Our story opens at the Van Bommel Van Dam Museum in the southeastern Netherlands City of Venlo when, on March 22, 2013, a piece by the late renown Dutch artist, Jan Schoonhoven, disappeared.  It was one of 4 pieces stolen at the time from the museum.   

 The piece, titled “R69-32,” was a white rectangular relief consisting of papier-mâché triangular blocks. The piece was immediately reported as stolen to the police authorities and to the Art Loss Register. 

 The Art Loss Register is the world‘s largest database of stolen art.  Fine art dealers, who fail to first check with the Art Loss Register on the bonafides of works that come across their desks, do so at extreme financial risk. 

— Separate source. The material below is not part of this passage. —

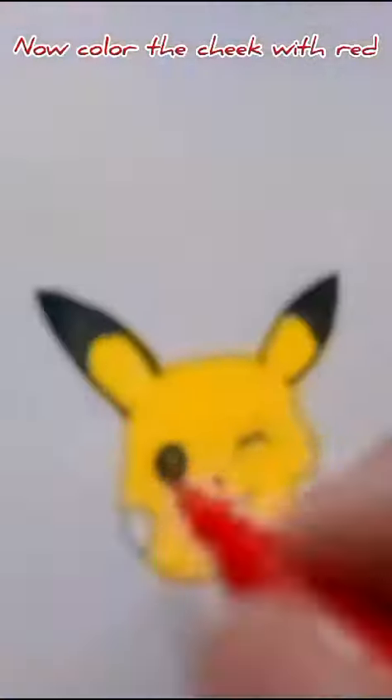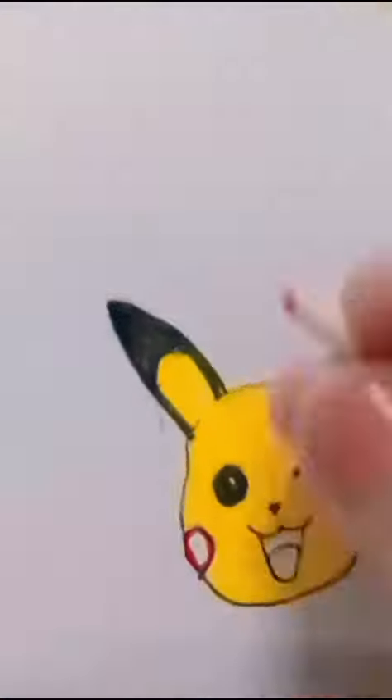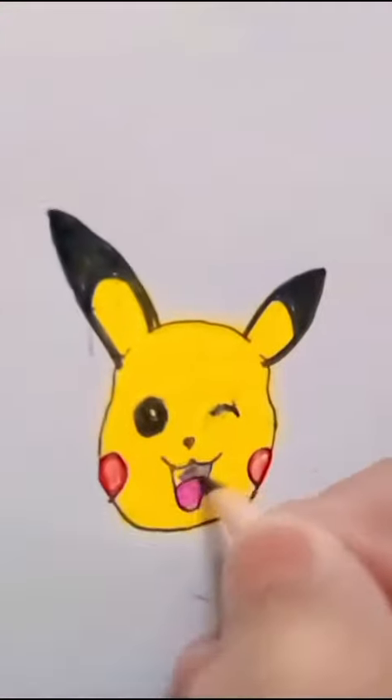Our Pikachu is ready, but it is not looking very good. I still share it with you all because I think I can share it with you guys. Our Pikachu is ready, and I also color the tongue pink.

 Fast forward  a couple of months to June 2013, and Sotheby’s/London found itself presented with a Jan Schoonhoven piece to sell which could only be described as a white rectangular relief consisting of papier-mâché triangular blocks.  Sotheby’s contacted the Art Loss Register and was duly advised of the recent theft of “R69-32.”   The problem was that the white rectangular relief consisting of papier-mâché triangular blocks in Sotheby’s possession was titled………… “R69-39.”

 You guessed it.  The art thief altered that one digit. Oh, the damage one can do with a pencil eraser.  

 That negligible alteration was apparently enough to fool a whole lot of people because, despite the report from the Art Loss Register, Sotheby’s, and the experts it retained to pass on the piece, decided that their piece was not the stolen Schoonhoven. The piece was sold at auction on June 27, 2013, for $285,000. 

 Paul Van Rosmalen, an executive at the Borzo Modern Art and Contemporary Gallery, 1 of the 2 purchasers of the piece, caught onto the scheme and detected the fraud. 

 Sometimes it doesn’t take much to fool the provenance experts.  But then again, when dealers and vendors are desperate for product to sell and commissions to make, sometimes even the experts see only what they want to see.

 Maybe Clark Kent’s eyeglasses could have helped.